Brandon Borzelli's Geek Goggle Reviews

The Royals Masters Of War #1The Royals: Masters of War #1 of 6
Vertigo Comics (DC)
Williams & Coleby

The six issue mini-series set in World War II opens with a solid issue that sets up the rest of the mini-series. While the comic has some pacing issues due to the information-dump in the middle of the book, there is certainly enough action in the beginning and end to give a reader an understanding of what this series will most likely be about for the remaining five issues. I recommend giving this a shot.

The high concept is that Great Britain royals are really super-powered beings. Rather than interfere with Germany's invasion of their country, they sit on the sidelines abiding by a pact that forbids the super powered folks from getting involved in conflicts. The current situation as World War II is stirring is simply too much for one royal to take and the series takes flight as a result.

The comic book uses several years as the book ends which seems to say the final five issues will cover a lot of ground. The royal family seems to be a typical lot where one of the sons is a bully and the other is a caring, forward thinking individual while other members also seem to find similar familiar personality traits. There is enough characterization in this issue to give you a handle as to what they are all about.

The book has some odd portions to it.
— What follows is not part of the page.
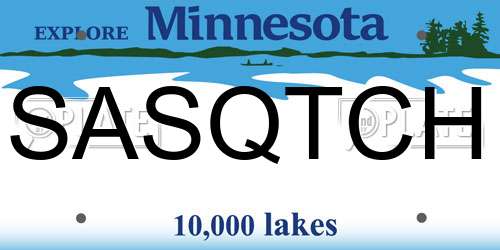 SASQTCH Minnesota License Plate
For example, how or why regular military people know that the royals have powers in the first place seems to be asking for trouble. It's also not terribly clear why the super powered beings would even stay atop of a given country and not retreat away from everyone that isn't super-powered. Why are they bothering to stay involved on any level?

Brandon Borzelli's Geek Goggle Reviews
The artwork is good for a period piece. The comic definitely captures the classic World War II look in the battles and the tone. The comic does seem to struggle with the character's depictions when it comes to lining up facial expressions with dialogue. It's not to say the book is sloppy or lacks detail, it just seems like the characters don't represent the story in a fluid manner all of the time.

This mini-series is probably targeting a niche market of readers. You've probably read a lot of comics that provide super heroes in a real life setting and there is some of that to some degree. The comic seems to cater to World War II battle and political buffs but other readers might pick this up and enjoy it. I recommend giving this a try.